Pene e sanzioni misere per quello che è stato definito l’Hiroshima dell’industria chimica
POLITICA – 26 anni per una sentenza che ha del ridicolo: pochi giorni fa lo stato indiano ha condannato otto ex dirigenti (tutti indiani) della Union Carbide a 2 anni di carcere e a un’ammenda di poco meno di 2.000 euro.
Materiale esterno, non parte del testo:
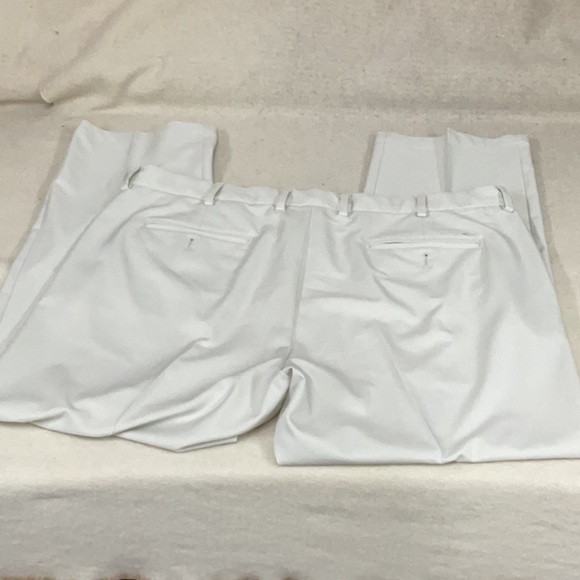 EUC Mens Greg Norman khaki pants - Picture 4 of 5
Altri 8.000 euro circa di multa euro sono stati richiesti all’azienda americana. “Se questa non è un’enorme presa in giro, non so proprio come possa essere definita,” ha commentato amaramente Satinath Saragi del Bhopal group for information and action, un’associazione di cittadini che rivendica la causa delle centinaia di migliaia di persone uccise o rese invalide da uno dei più gravi disastri ecologici e umanitari mai provocati dall’azione sconsiderata dell’uomo.
Nella notte fra il 2 e il 3 dicembre 1984, 4.000 (altre fonti stimano addirittura 8.000) abitanti (soprattutto degli slum) della città di Bhopal, la capitale del distretto indiano di Madhya Pradesh, sono morti dopo l’esposizione alla nuvola di sostanze chimiche riversata dai serbatoi dello stabilimento (dismesso da anni e la cui manutenzione era stata praticamente annullata da tempo) di pesticidi della Union Carbide, un’azienda chimica statunitense. Altre decine di migliaia di persone sono morte successivamente e oggi si contano almeno 100.000 di invalidi (soprattutto ciechi, ma le malattie provocate dalla nuvola non si contano) a seguito dell’incidente.
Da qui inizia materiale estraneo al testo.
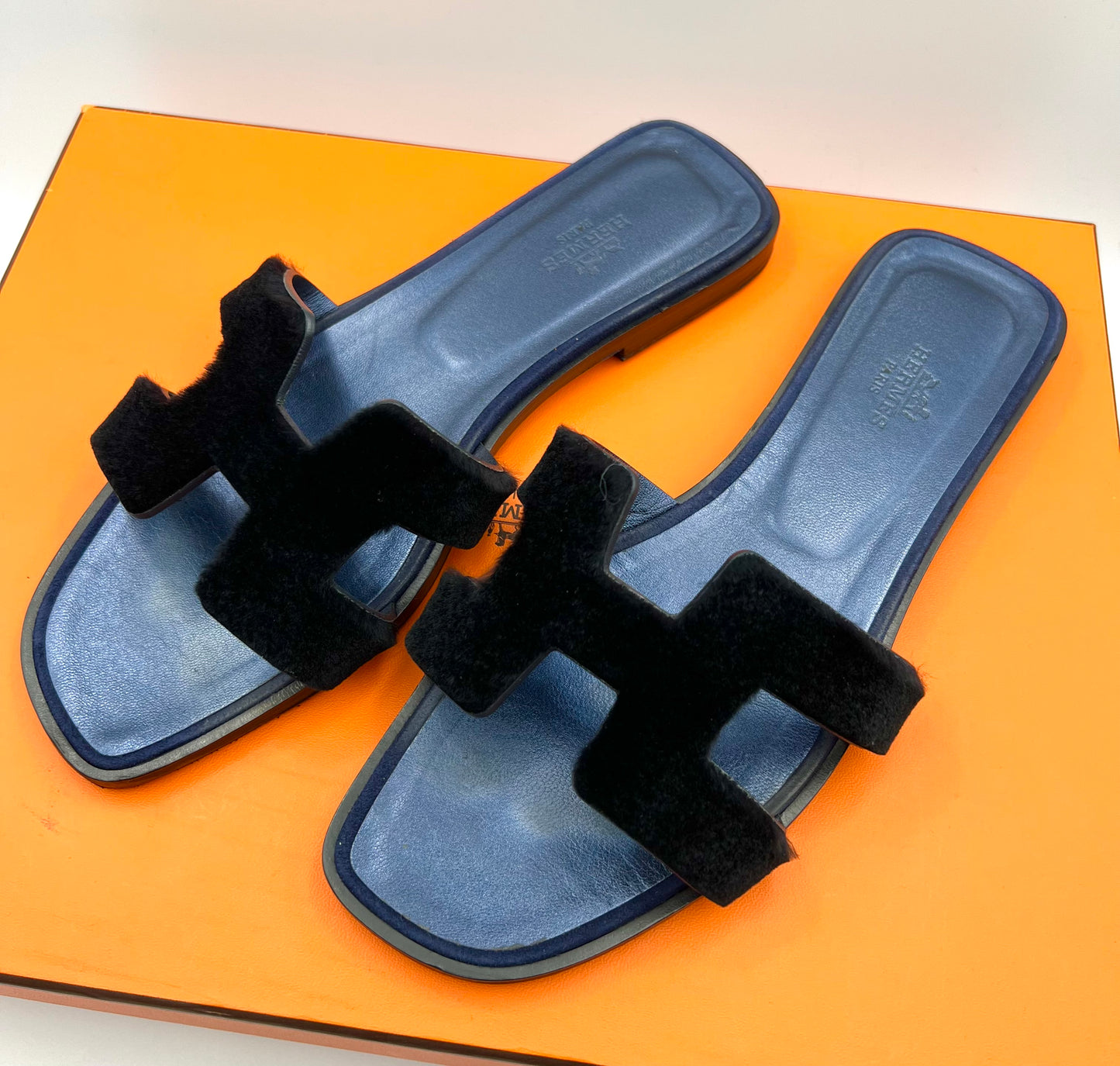 Hermes Oran Black Calf Hair Navy Sole Sandals Size 38    (🇵🇭P30,100)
La sentenza non può che sollevare indignazione. In primo luogo per le pene assolutamente ridicole, arrivate dopo decine di anni. Poi per il fatto di aver declassato il crimine da “omicidio colposo” a “morte per negligenza”. La cosa forse più grave, insieme ai risarcimenti irrisori ai feriti (800 euro a testa) e alle famiglie dei morti (2000 euro ciascuna), è che i responsabili americani dell’azienda non sono stati processati. Gli Stati Uniti non hanno mai concesso l’estradizione di Warren Anderson (che da alcuni è stato definito il massimo criminale industriale della storia) allora a capo della UC, e degli altri dirigenti (c’è da dire che anche lo stato indiano è stato molto negligente nel richiederla). A ora Anderson è considerato latitante dallo stato indiano.
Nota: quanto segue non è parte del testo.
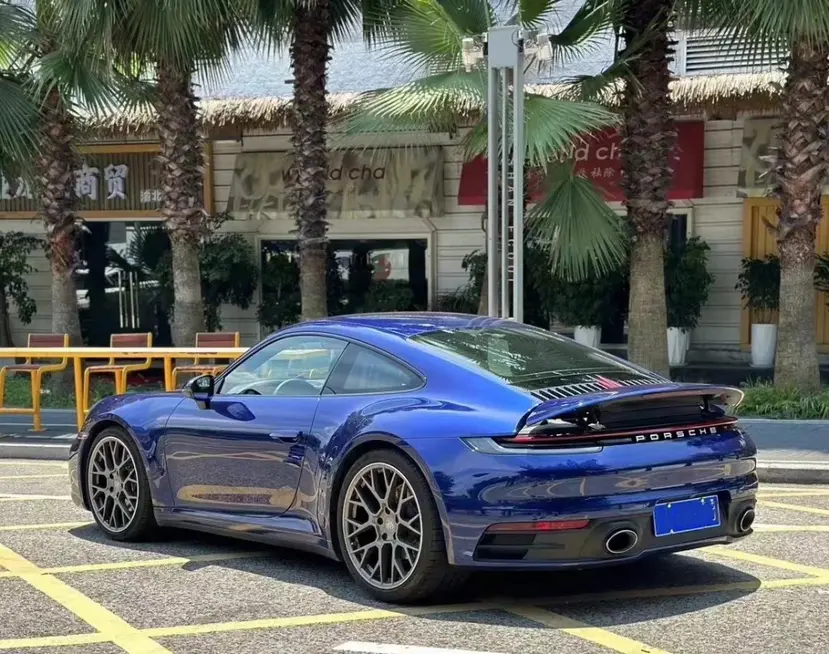 Porsche 911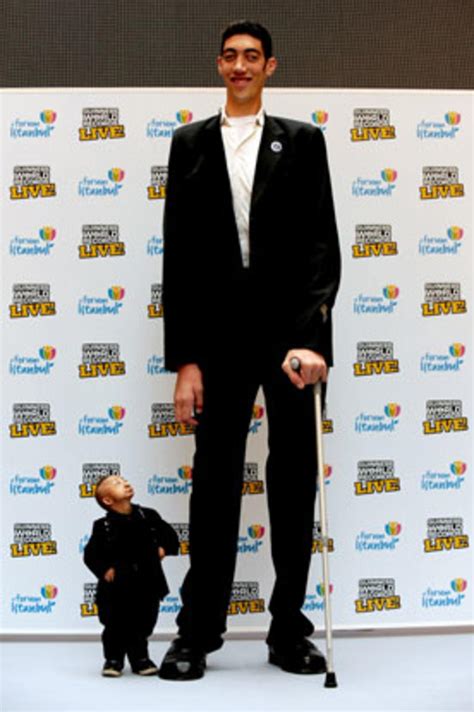 World S Tallest Man Sultan Kosen Stops Growing CBS News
Il disastro di Bhopal non si limita alle decine di migliaia di morti (alcune stime dicono 30.000) e il centinaio di migliaia di invalidi di allora, ma continua a mietere vittime. Si stima che ancora 380 tonnellate di sostanze chimiche tossiche siano conservate (si fa per dire) nei serbatoi della UC (qualche anno fa acquisita dalla Dow Chemical). Le cisterne, secondo gli esperti che hanno analizzato la zona, rilasciano sostanze nel terreno contaminando anche le falde acquifere e l’aria, con conseguenze gravissime sulla popolazione locale, che stenta ancora, più di vent’anni dopo il disastro, a riprendersi.
Lo stato del Madhya Pradesh ha subito fatto ricorso contro la sentenza che di fatto non scoraggia le multinazionali straniere a sfruttare in maniera indiscriminata il territorio e la popolazione indiana.